■ **Caption-style text data**

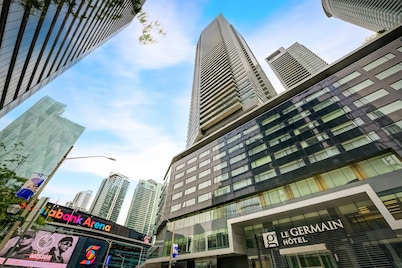 Stunning Penthouse Retreat with Epic Lake & CN Tower Views – Your Dream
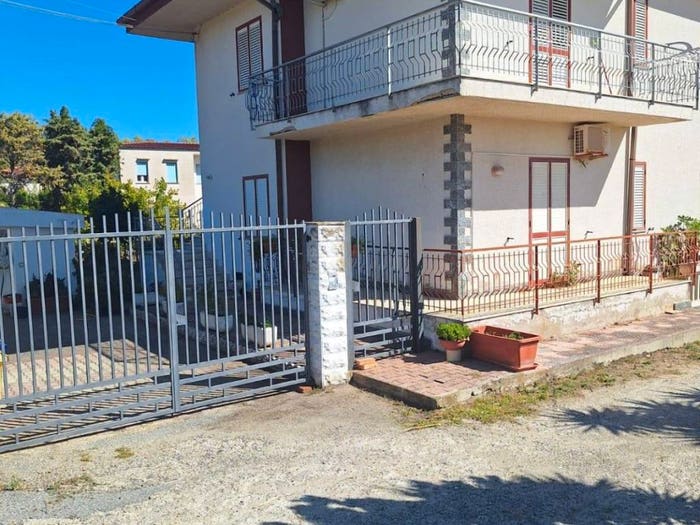 Appartamento con 6 locali in vendita in Viale Aldo Moro, Badolato Marina, Badolato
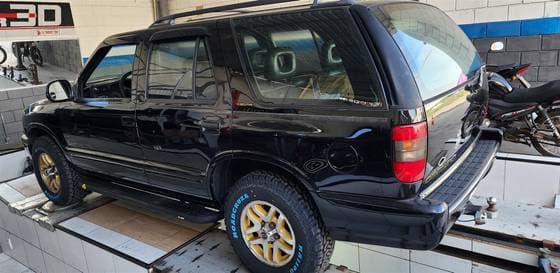 Carro 4.3 SFI DLX EXECUTIVE 4X2 V6 12V GASOLINA 4P AUTOMÁTICO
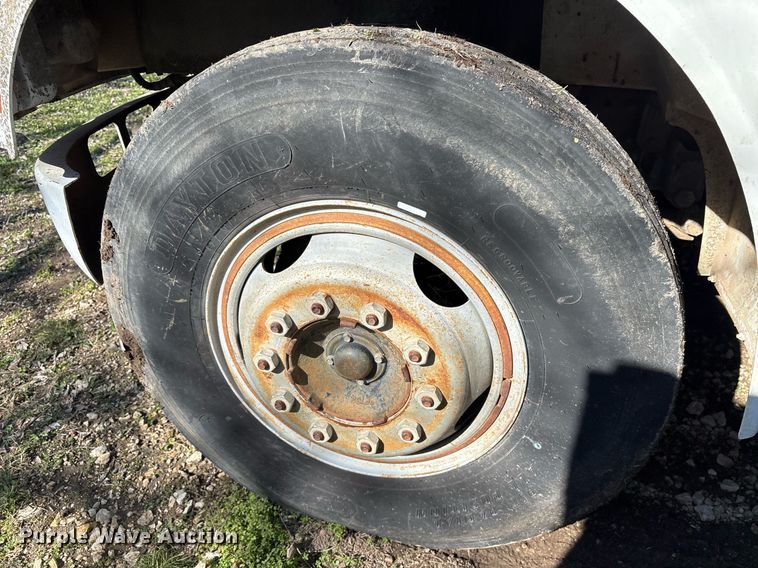 image for item EY9870 1995 International 4700 4x2 dump truck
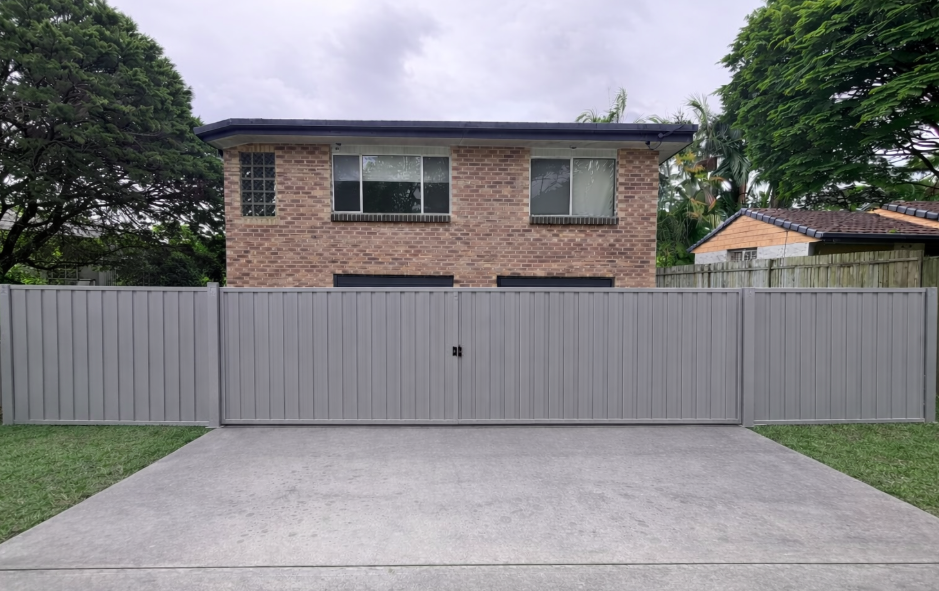 266 Old Cleveland Rd, Capalaba, QLD 4157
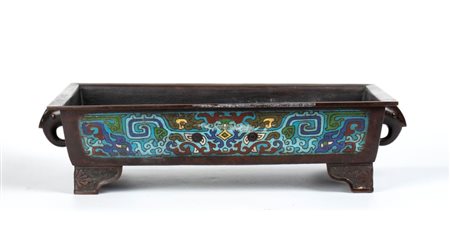  
Grande braciere in bronzo Giappone, epoca Meiji (1868-1912).
Bronzo Alt. 47 cm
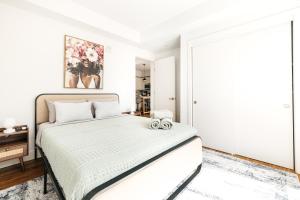 Lux Hotel Style 2 bedroom K Town with parking and GYM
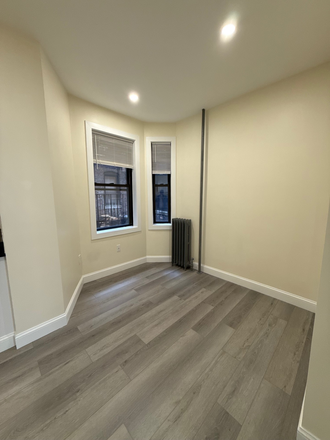 Bedroom - Just Renovated One Bedroom in Symphony Mass Ave 9/1 No Fee Apartments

■ **EXERCISE**
No pictures go in the copy. Set down all the data exactly.

■ **TASK OUTPUT**
 Stunning Penthouse Retreat with Epic Lake & CN Tower Views – Your Dream
 Appartamento con 6 locali in vendita in Viale Aldo Moro, Badolato Marina, Badolato
 Carro 4.3 SFI DLX EXECUTIVE 4X2 V6 12V GASOLINA 4P AUTOMÁTICO
 image for item EY9870 1995 International 4700 4x2 dump truck
 266 Old Cleveland Rd, Capalaba, QLD 4157
Grande braciere in bronzo Giappone, epoca Meiji (1868-1912).
Bronzo Alt. 47 cm
 Lux Hotel Style 2 bedroom K Town with parking and GYM
 Bedroom - Just Renovated One Bedroom in Symphony Mass Ave 9/1 No Fee Apartments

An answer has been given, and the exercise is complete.